I had the pleasure of meeting Steve Sjogren at a conference he sponsored at the Kings Island Inn in 1989. I should have known something was up when I lost one of my 2 front teeth setting up the sound equipment (a story for another time, but feel free to insert your favorite hillbilly joke here. That began a decade’s long friendship. The coffee we shared spurred great conversations and stories from Steve. His passion helped me both recognize where God had already been developing a servant’s heart in me and inspired me to begin intentionally leading others to love those around us. Here is one of the lessons I have learned that keeps me in the game 25 years later.
This was something I first heard from Steve, but it has played out in one way or another in every project I have participated in. “When you move into servant evangelism you will bump into Murphy’s Law…no, you will move into Murphy’s country!”
It seems that loving your neighbor as yourself is actually difficult – that all that can go wrong tends to go wrong. It’s weird – it didn’t seem so hard when Jesus talked about loving our neighbors.
I actually thought I was getting off easy! Every time we choose to trust Jesus and operate in the gift of the Spirit, LOVE (yes singular, because absolutely every follower of Jesus gets this one!) the Enemy is right there to make sure we don’t like it. If we did like it, we might recognize God’s power is revealed in love, and we might start to share it like it made a difference and actually change the world. To prevent this, our enemy makes sure that Murphy’s Law is powerfully at work through various circumstances, ordinances, personalities and attitudes from the get go so we are frustrated from the get go.
Murphy showed up at the very first outreach I did with Steve at the Cincinnati Vineyard. They were hosting a free carwash (that actually was free—back in the day when that was novel) at Jenny’s Sports Bar on Route 42. I jumped in with both feet and started working hard. I got hot enough that spring day to shed my t-shirt (not nearly as terrifying an image 25 years ago) as I pressed into washing fenders, hoods and bumpers. As we began to clean up I started looking for my white t-shirt, but I couldn’t find it anywhere. I finally wandered over to the rag pile and there it was. Someone had used it to polish brake dust from at least a dozen rims. I wrung it out and considered this reward for my labor. Later though 2 stories circulated that made me realize that I would gladly give my shirt every time we served to see God’s love revealed like that.

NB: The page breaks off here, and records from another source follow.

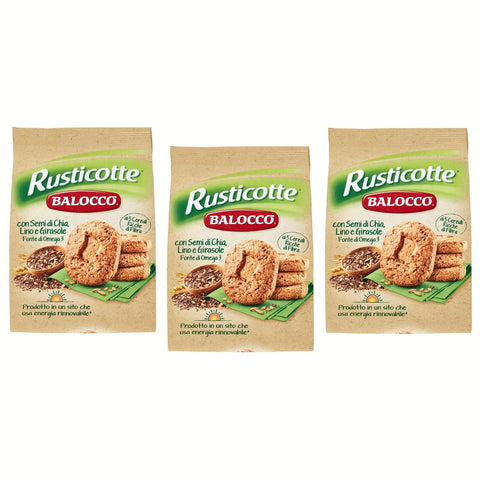 Balocco Rusticotte Biscotti Integrali ai 5 cereali Vollkornkekse mit 5 Müsli mit Chiasamen, Leinsamen und Sonnenblumenkernen biscuits cookies 100% Italienische Kekse 700 g italienisch Original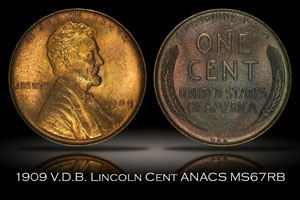 1909 V.D.B. Lincoln Cent ANACS MS67RB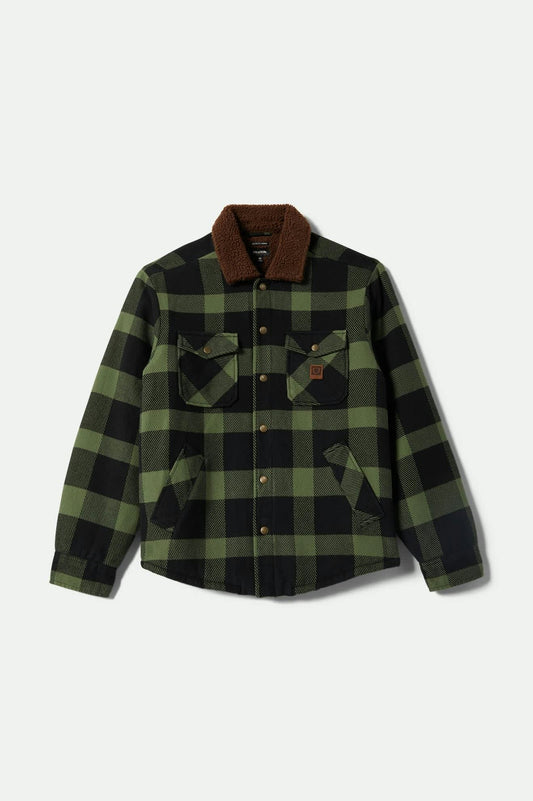Brixton Durham Sherpa Lined Flannel Jacket - Wild Green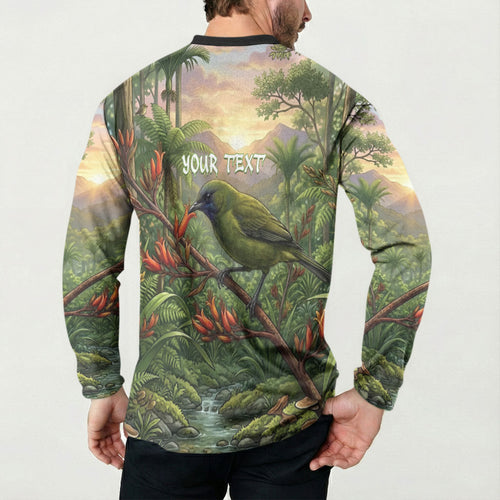 Bellbird New Zealand Personalised Button Sweatshirt Korimako Harakeke Flower Native Forest
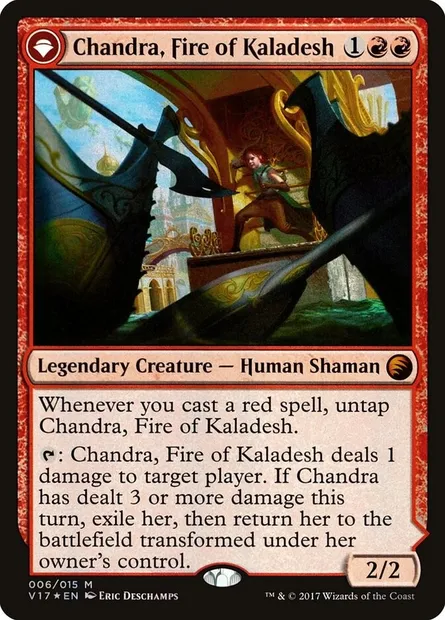 Chandra, feu de Kaladesh // Chandra, flamme rugissante, carte Magic V17 6 — extension From the Vault: Transform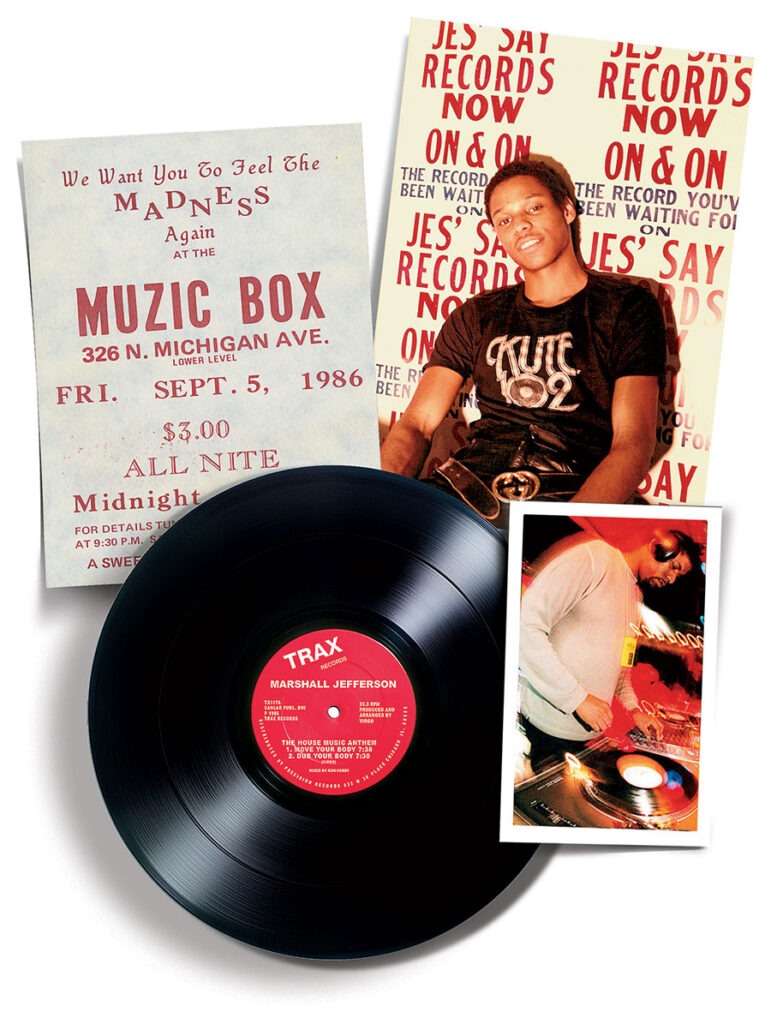 Clockwise from top left: a flier for a house music event at a downtown club; Jesse Saunders in 1984, at the time of the release of his hit “On and On”; Marshall Jefferson and a Trax pressing of his 1986 smash “Move Your Body”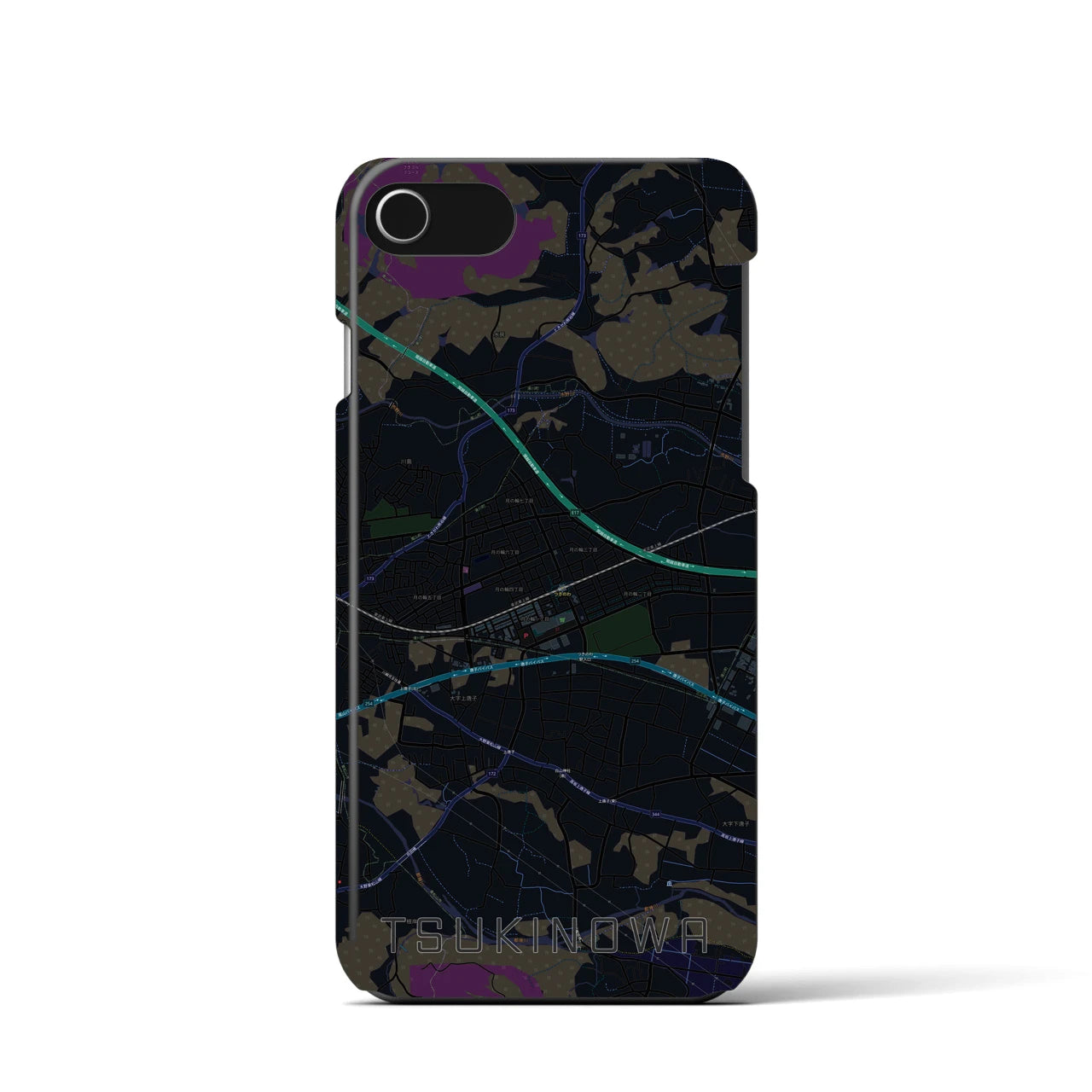 【つきのわ（埼玉県）】地図柄iPhoneケース（バックカバータイプ）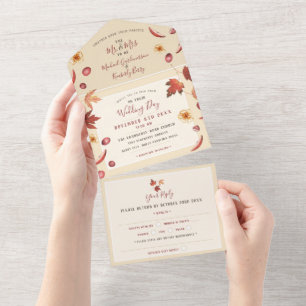 Rustique Mariage D'Automne Tout En Une Invitation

That experience helped me realize that to deal with Mr. Murphy and not give up we must be both hard and soft. We must be hard to keep serving for the long haul. Hard to the outreach realities of circumstances, ordinances, personalities and attitudes that Murphy employs. Dealing with Murphy requires that we develop a callous over the part of our heart that wants to be right, wants to be in control, wants to look good and most of all be successful. The bad news is that callous is developed the way all good callouses are – through repeatedly being pressed down, pushed on, rubbed and scraped. In a deep sense we need to become hard to the awkward feelings of being foolish, unappreciated and embarrassed. I believe this sacrifice is a pleasing fragrance to our God. If we can grow hard, develop this ability to embrace Murphy, we can enjoy a long season of loving our community into relationship with Jesus.
We must also stay soft. Soft to the voices of those we are serving and those we are serving with. The breath of fresh air for me in this discipline of reaching out in service is the stories that capture a moment in the transformation process. Make time to listen every time you are serving. Whether it is a debrief over food after an event with your co-laborers or stopping your “kindness” to listen to one of the people you are working so hard to reach. Their stories are the catalog of the Holy Spirit’s work in and through you, in a tangible way, the very coming of His kingdom. Don’t be distracted by your work and miss this sweet fruit. As these stories are shared, they create energy for us to continue to reach out.